The freedom premium — the markup above market price that someone pays to get into crypto through unofficial channels — will not be 5%. It will not be 10%. In a world where there is genuinely no other way, the premium is whatever the holder decides it is.
And the holder will compound that advantage every single day that the official doors stay closed.
THESE ARE NOT JUST RICH PEOPLE. THESE ARE THE NEW UNTOUCHABLES.
Every ruling class in human history has derived its power from one thing: control over something everyone else needs.
Land. Water. Trade routes. Information. Energy. Capital.
The crypto sovereign of the near future controls something more fundamental than any of these.
They control the ability to transact freely in a world where free transaction has been made illegal for everyone else.
A man with £10 million in a British bank account cannot send money to a sanctioned country. Cannot donate to a cause the government has flagged. Cannot pay someone in cash above a certain amount. Cannot move his own money internationally without a compliance department approving it first. Cannot spend his own savings on certain categories of goods.
He is wealthy. He is utterly, completely dependent.
The person with £1 million in self-custodied Bitcoin can do all of those things before breakfast. No permission required. No compliance officer. No transaction monitoring. No bank to call and explain himself to.
His financial life operates on a completely different plane of existence.
And in a world where financial control is the primary mechanism through which governments control people — where freezing an account is easier and more effective than any other form of punishment — being outside that mechanism entirely is a form of power that money alone cannot buy.
You cannot buy your way to this position after the door closes. You can only have gotten there before.
THE INHERITANCE OF THE FARSIGHTED
Every generation has a moment — one moment — where the transfer of power is still visible, still accessible, still possible to participate in before it completes.
The people who bought land in growing cities before the industrial revolution.
The people who acquired manufacturing capacity before mass production changed everything.
The people who understood the internet in 1994 and acted on it while everyone else called it a toy.
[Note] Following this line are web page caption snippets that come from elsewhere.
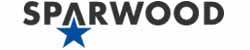 District of Sparwood logo
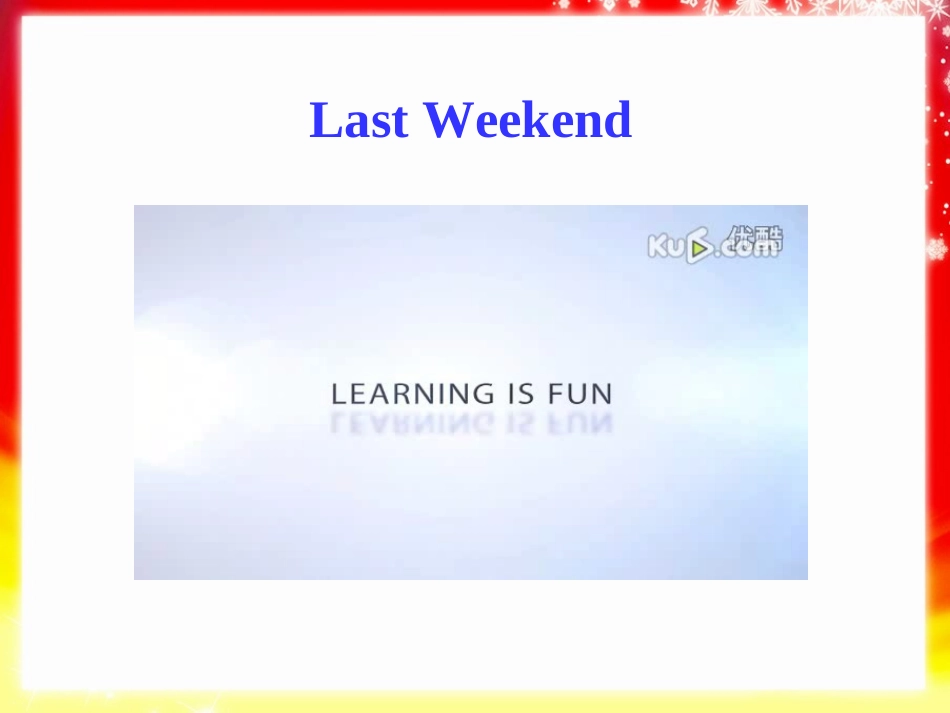 新八上Unit9课件SectionA-1_第2页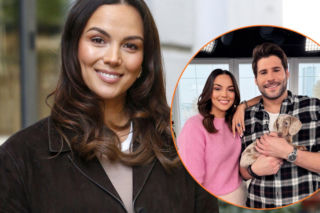 To już pewne! Paulina Krupińska nową prowadzącą Mam Talent 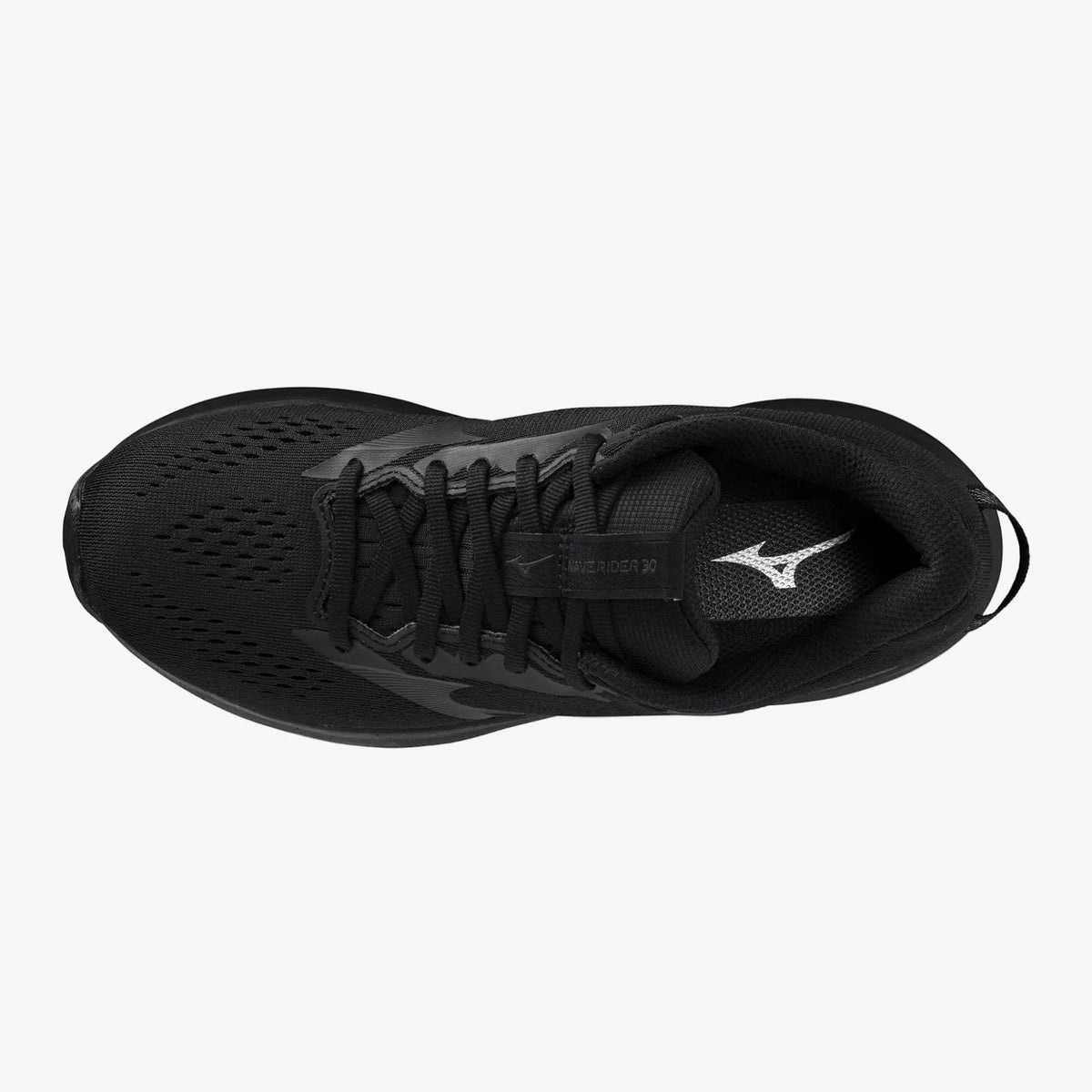 Black Black (79)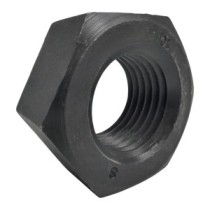 Комплект прокладок двигателя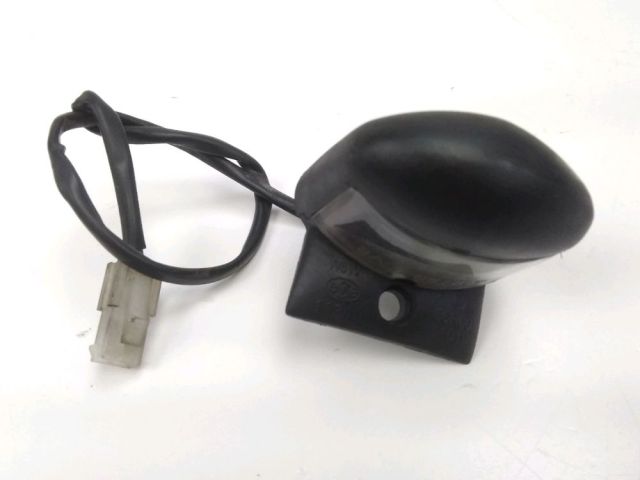 Feu eclairage de plaque occasion PEUGEOT SATELIS 2012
In every case, those people did not become powerful because they were smarter or more talented than everyone else. They became powerful because they paid attention when paying attention was uncomfortable — when the thing they were betting on was still being laughed at, still being dismissed, still being actively suppressed by the institutions that stood to lose from it.
Every one of those windows closed. And the people who missed them spent the rest of their lives on the outside of a power structure built by the people who didn’t.
This is that moment.
Not next year. Not when it becomes obvious. Now. While the banks are still occasionally allowing it in humiliating £5 increments. While the informal market is still forming. While the freedom premium hasn’t yet reached the levels it will reach when the last door closes.
The gods of the new world are not going to announce themselves. They are not going to ring a bell when they arrive. They are already here, quietly, in ordinary houses, with hardware wallets in drawers and seed phrases written in notebooks hidden in places only they know.
They are the people who saw what I saw when the banks shut me out — not just frustration, not just inconvenience, but a glimpse of the architecture being built around all of us.
And they moved.
The window is not closed. But I have watched it close, one account ban and one £5 limit at a time, faster than almost anyone realises.
The question has never been whether this is happening. You have just read the evidence.
The question is whether you move before the last door shuts — or whether you spend the rest of your life knocking on it.